This area contains a VMS in its center,  one that was heavily mined in the 19th century.  This is also a sub-seafloor deposit but was formed beneath pre-ore basalt. The exhalites here are relatively weak, with the exception to a great amount of gossan breccia that was emplaced on top of the basalt on the hill that defines the deposit.

Area 3

This area contains 2 types of seafloor deposits;  one that is beneath pre-ore basalt, and one that is in diatreme breccia pipe.  Although this area is not large, the depth of the VMS ore in the diatreme breccia could extend to a great depth


Area 1 has the exhalites of aquifer-hosted Jasperoid beds, Jasper,  Jaspillite breccia, and metalliferous mudstone.  Areas 2 and 3 have abundant gossan breccias,  and Area 3 in particular has a great exposure of banded chert, although this is probably a distal exhalite of Area 1.

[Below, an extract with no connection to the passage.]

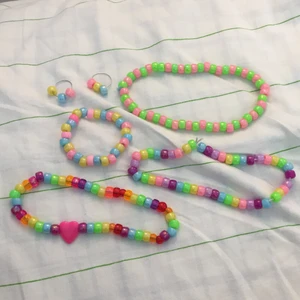 Pärlhalsband och örhängen! - Välj vilken du vill eller alla. Vi har ett regnbågshalsband, pansexuellarmband, pansexuellörhängen, regnbågshalsband och ett grönt och rosa halsband. Skriv till mig så kan vi ordna allt som behöver ordnas💖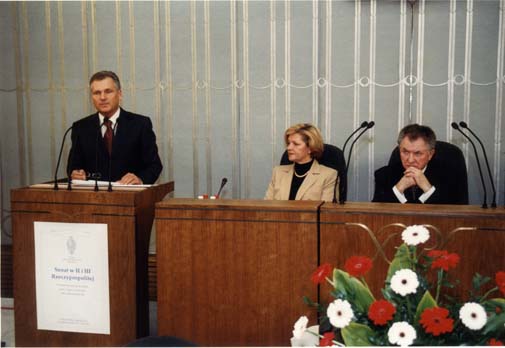 Rozmiar: 32723 bajt�w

Aquifer-hosted Jasperoid beds

The Magma Mine exploited a great replacement-type VMS deposit, and jasperoid beds were mined up-dip from the sulfide ore for 50 years there at an average grade of .5 opt Au at the LS&A mine.  Jasperoid beds were also mined extensively for gold near Wenatchee, Washington.  The importance of Jasperoid indicating gold ore in Nevada is well known.   The Molly Marie Prospect also has large exposures of Jasperoid beds.

Jasperoid Beds, Superior, AZ

Some of the the many large outcrops of Jasperoid beds at the Molly Marie Prospect are shown below.   2 chip samples of Jasperoid at the Molly Marie ran .02 opt Au.  Often, the jasperoid beds are bordered by epidote-altered arkose.

Below is a photo of some of the Jasperoid beds at the Molly Marie prospect on the west side of Area 1.

Aquifer-hosted Jasperoid beds

The jasperoid was intruded as a gel, and it was micro-fractured if it cooled quickly.  Considering the microfracturing, the jasperoid is sometimes more easily eroded than the host rock, the Whitetail arkose, as is shown in the photo below (west side of Area 1).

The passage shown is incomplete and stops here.